In December, 1899, a wooden, two-room building that was to become the Old Hyde Park Art Center was built at 705 DeLeon Street and used temporarily as a school while a permanent red-brick building, called the new Hyde Park Grammar School, was constructed, at 502 South Boulevard and completed in October 1903. This elementary school replaced the Hyde Park Grammar School, which had been built in 1889 at the southwest corner of Platt Street and Magnolia Ave.
South Boulevard was Tampa’s western city limit and many people protested about “locating such a fine structure out in the wilderness”. It was the first public school west of the Hillsborough Rive. This area was largely orange groves and pastures for dairy cattle.

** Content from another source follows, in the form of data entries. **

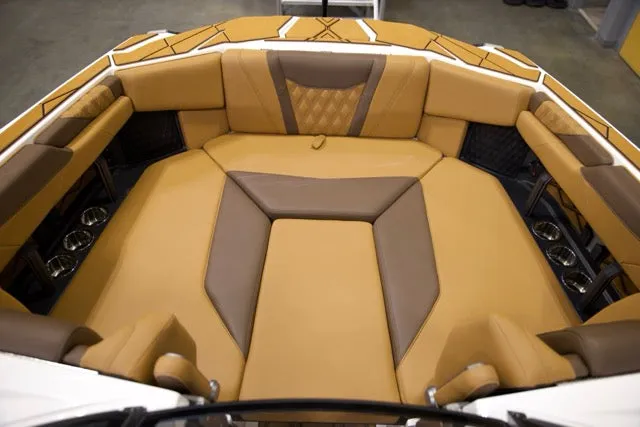 Slide: The Image of Malibu M230 2026 - 19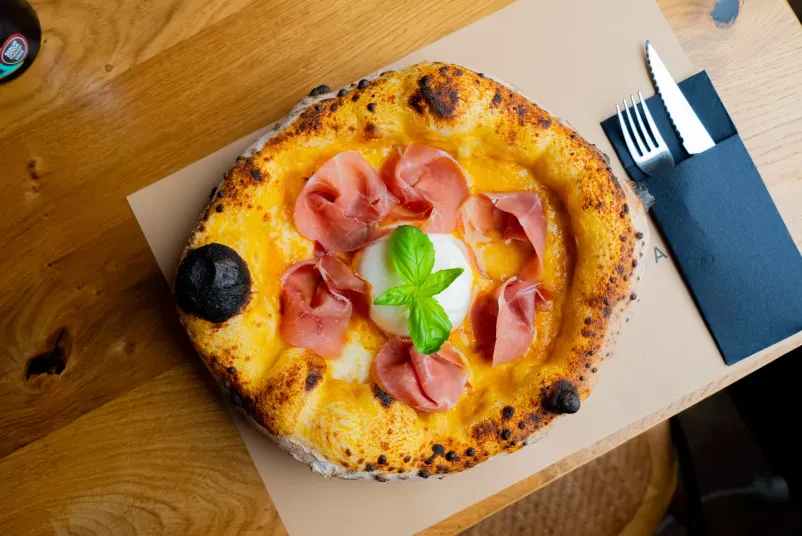 The best pizza place in Portorose offers authentic Neapolitan pizzas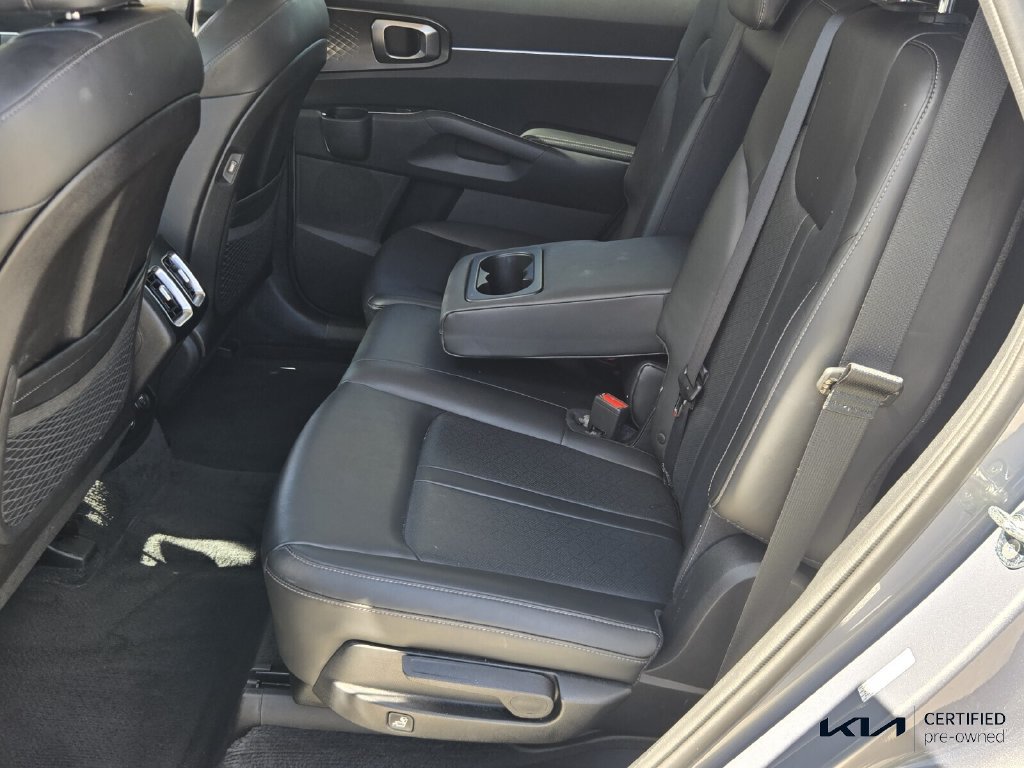 Certified 2023 Kia Sorento S FWD image 11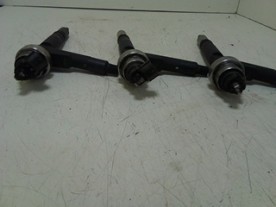INIETTORE DIESEL OPEL MERIVA (X03) (03/03-12/10) Z17DT 98433634
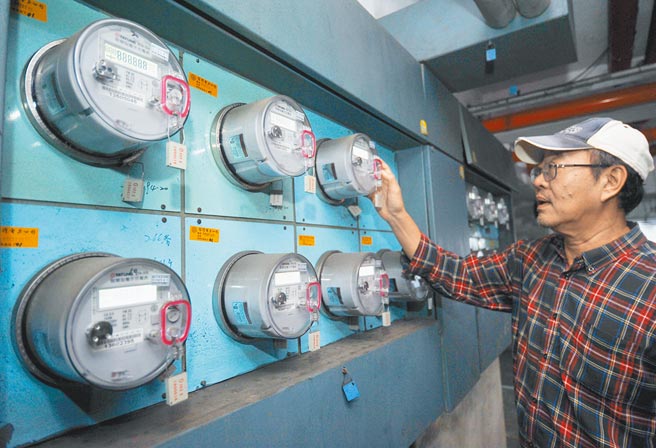 藍委李德維表示，台灣燃氣仰賴進口，一旦中國封鎖海運線，恐怕連國安都受打擊。圖為民眾查看電錶。（本報資料照片）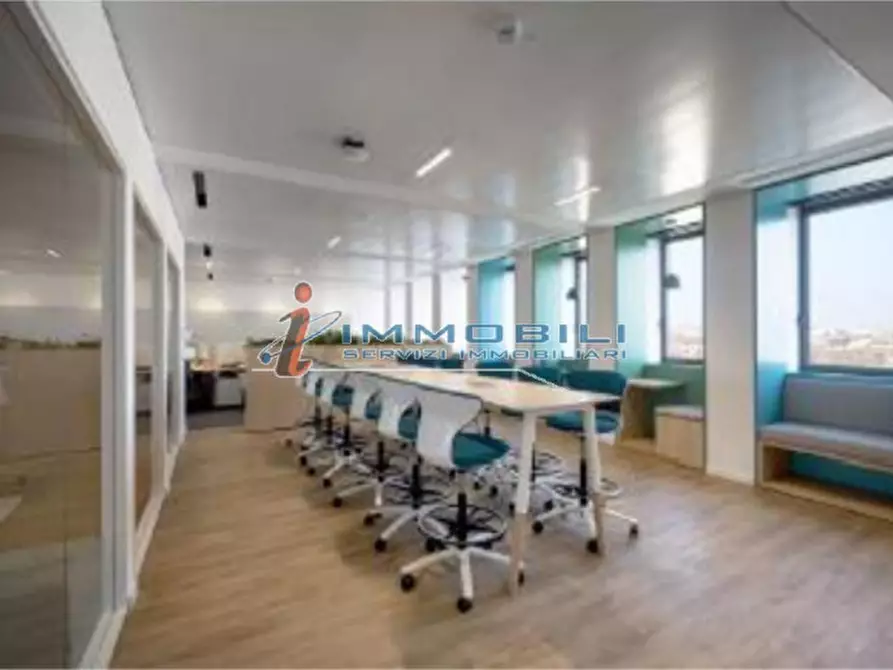 Immagine 7 di Ufficio in affitto  in VIALE CERTOSA a Milano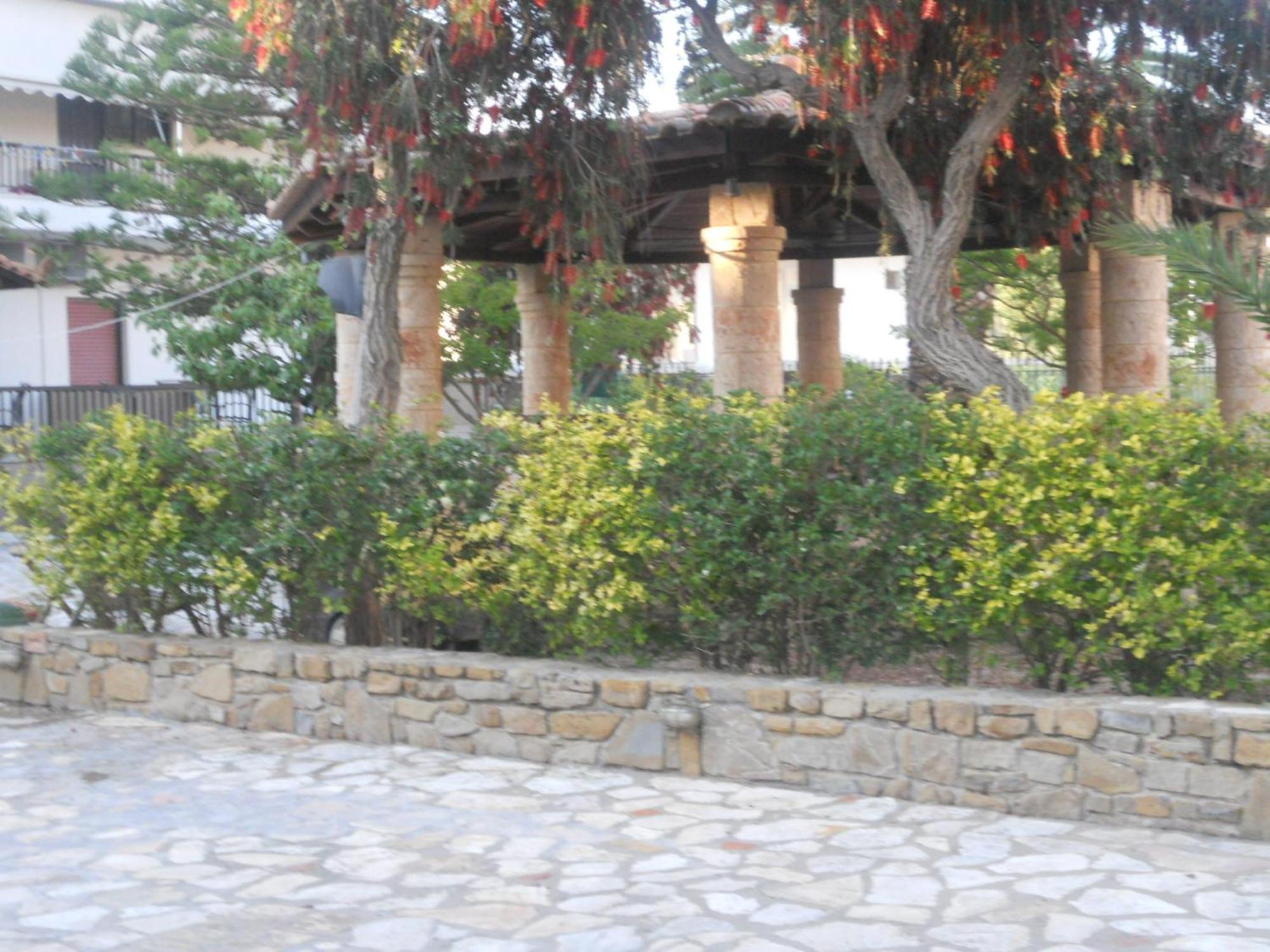 Assimakis Hotel Finikounta Exterior photo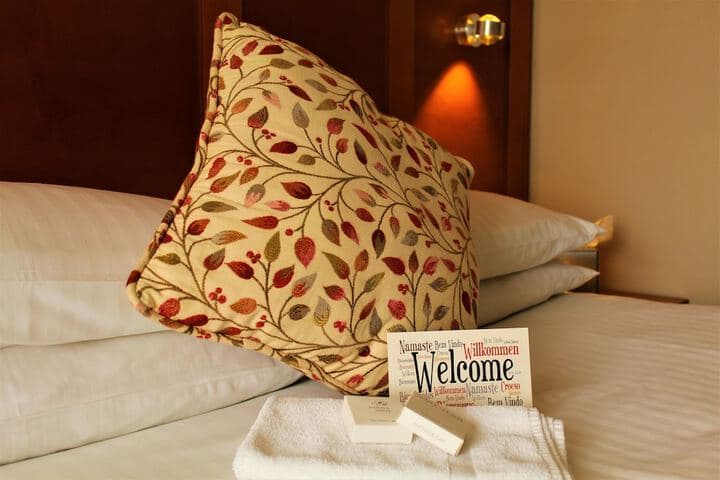 The Oak Wheel Pub Image 11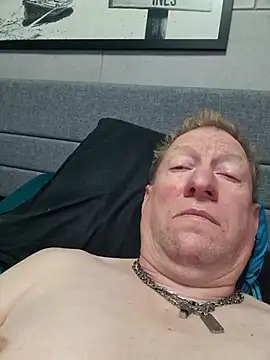 Snapshot of tomtom111111 chatting on September 9, 3:55 pm tomtom111111 online show from September 9, 3:55 pm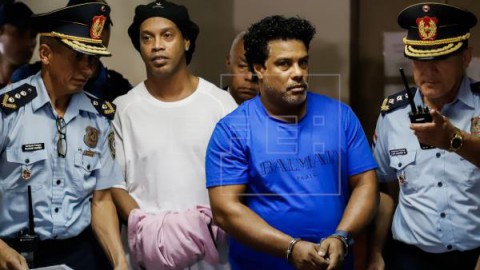 FÚTBOL RONALDINHO GÁUCHO Otorgan arresto domiciliario a Ronaldinho tras el pago de una fianza millonaria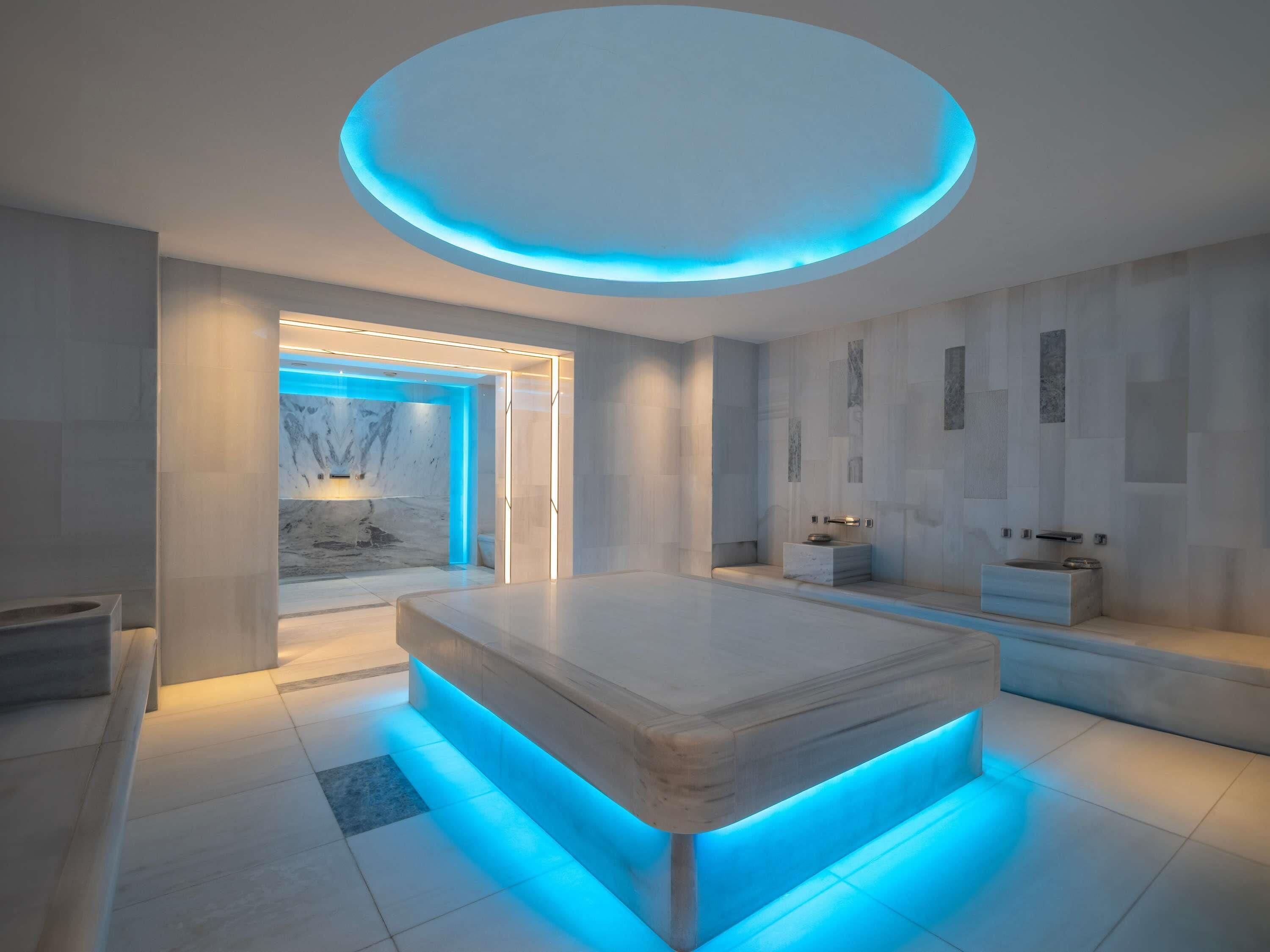 Ruang perawatan pasangan, sauna, ruang uap, dan pemandian Turki/hammam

In 1914, the frame building was turned into a lunchroom, and the first hot lunch program in the counts was instituted. Parents served the food and hired a cook to prepare it. Cost was five cents a plate.
The following year, on August 2, the name of the brick building was changed to the John B. Gorrie Elementary School to honor Dr. Gorrie of Apalachicola, who invested the first ice-making machine while seeking cooling treatment for malaria patients in 1845. He died in 1855.
In July 1922, the wooden building became the Hyde Park Branch Library – the first for a public school in Hillsborough County.
Sometime prior to 1936, a school called the English Classical School, which was located at 705 Swann Avenue, burned down and the area cleared. In 1936, the wooden building was moved from South Boulevard to its present location, where it served as the Tampa Public Library, Hyde Park Branch, until August 23, 1968, when the City closed it.
In October 1968, the Tampa Realistic Artists, Inc. (TRA), which was founded in 1956, negotiated with the City to lease the building as an art gallery, naming it the Old Hyde Park Art Center. As of August 15, 1969, TRA took over the building at 705 Swann. Formal opening of the renovated building was October 19, 1969. In 1979, TRA arranged to purchase the building for $15, 000, which was repaid at $5,000 a year of three years. By June 27, 1982, officers Harry Blank, Treasurer, and Gary Ennis, President, held a mortgage-burning celebration.